EXERCISE GOAL:
With the pictures left out, write out exactly the lines of the listing below that run from the line with "Ribbed cashmere headband" through the line with "A plush, orange".

------ DATA TO EXAMINE ------

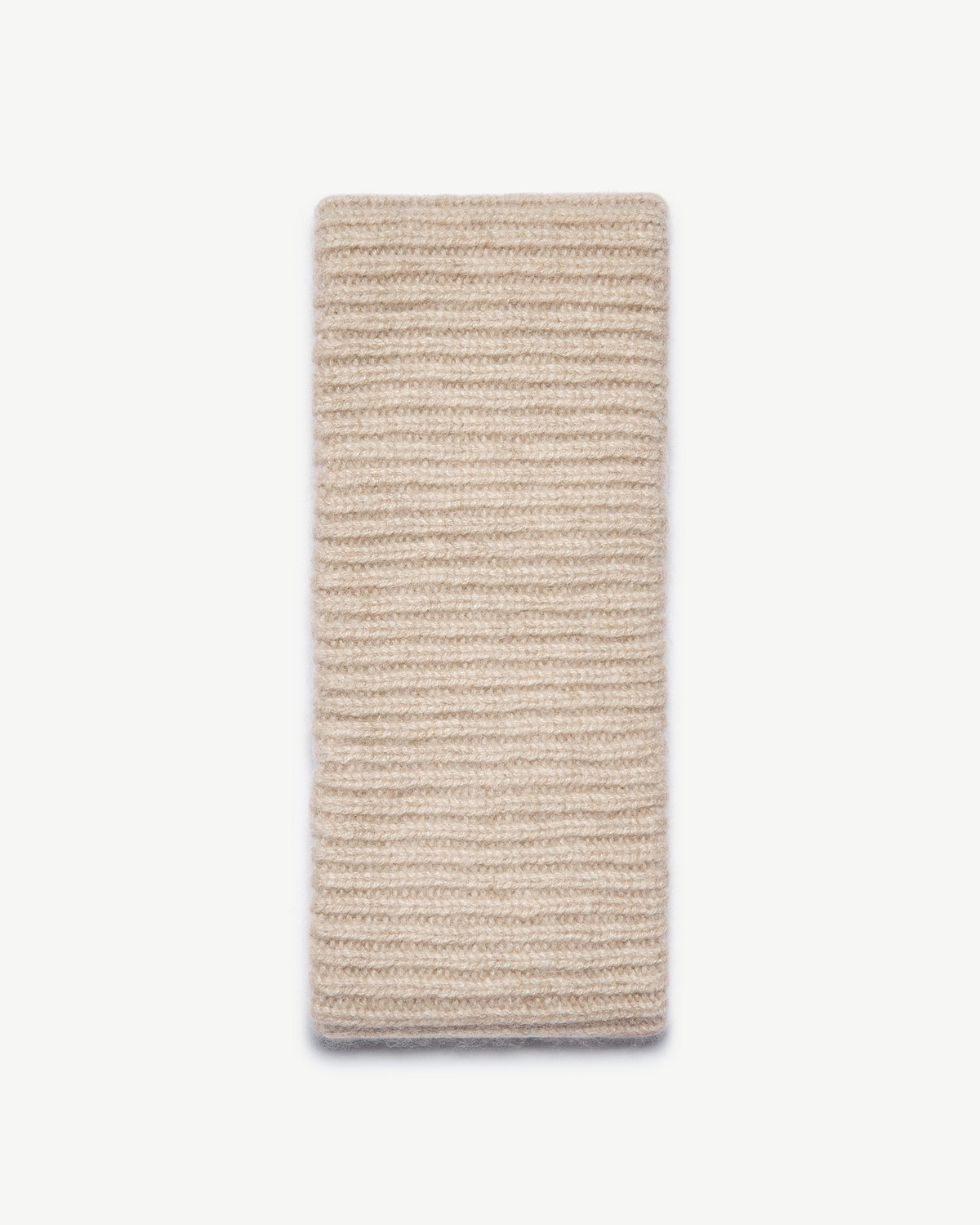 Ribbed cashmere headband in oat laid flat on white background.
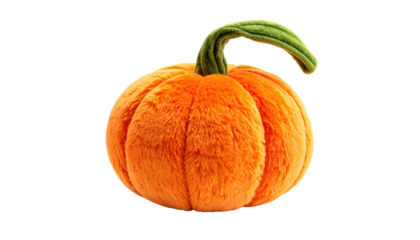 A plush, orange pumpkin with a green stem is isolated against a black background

------
------ DATA TO EXAMINE ------

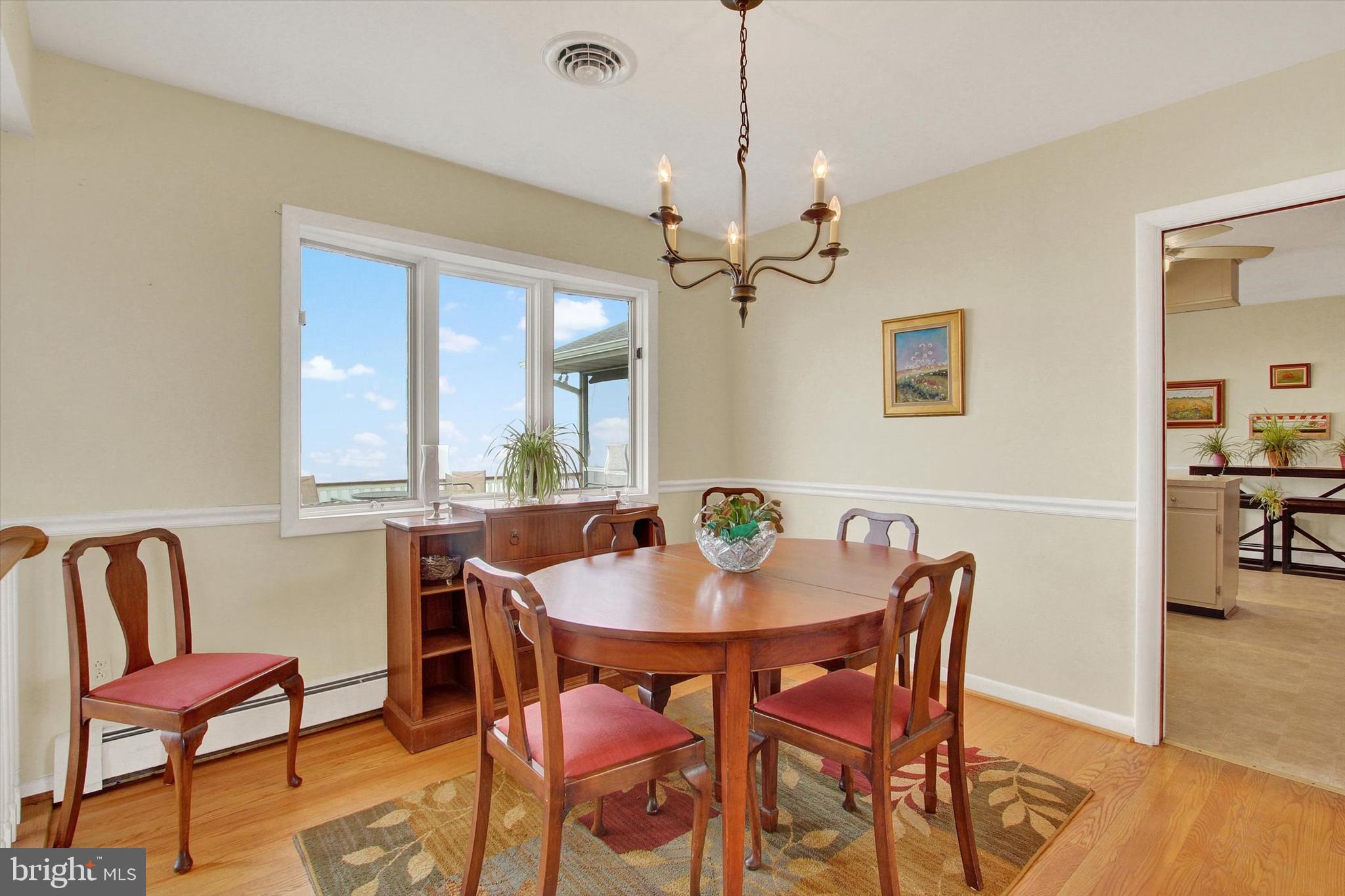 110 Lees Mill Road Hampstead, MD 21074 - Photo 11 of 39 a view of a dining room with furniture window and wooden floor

------
------ DATA TO EXAMINE ------

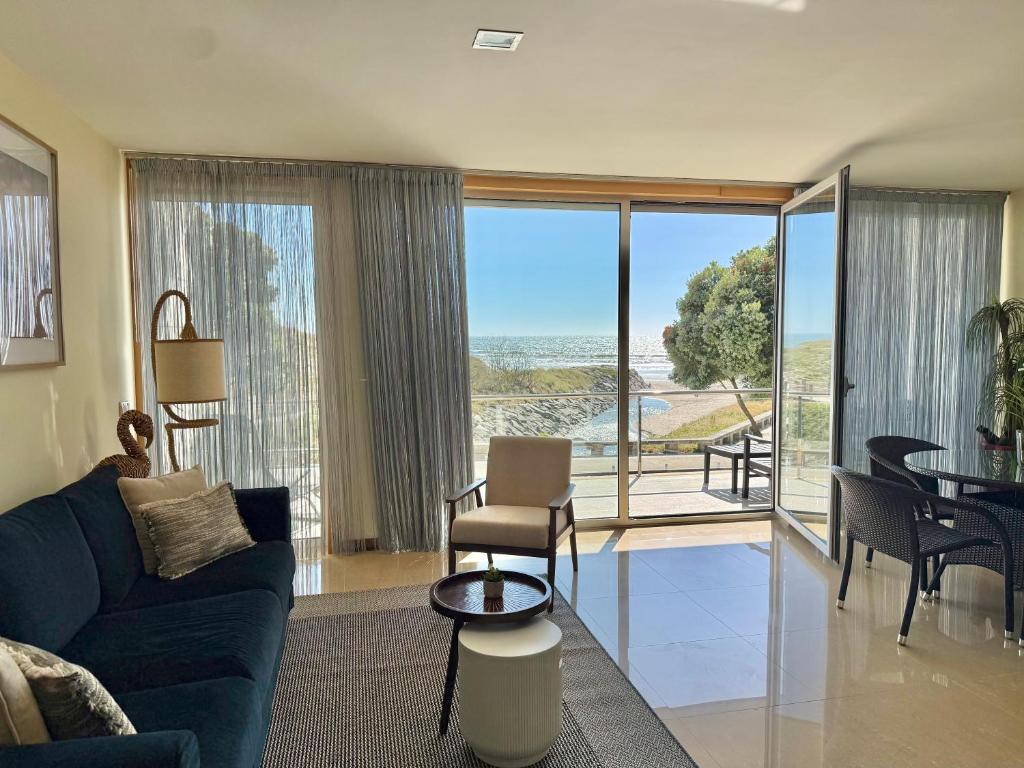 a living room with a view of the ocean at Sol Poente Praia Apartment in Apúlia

------

REPLY TO THE EXERCISE:
 Ribbed cashmere headband in oat laid flat on white background.
 A plush, orange pumpkin with a green stem is isolated against a black background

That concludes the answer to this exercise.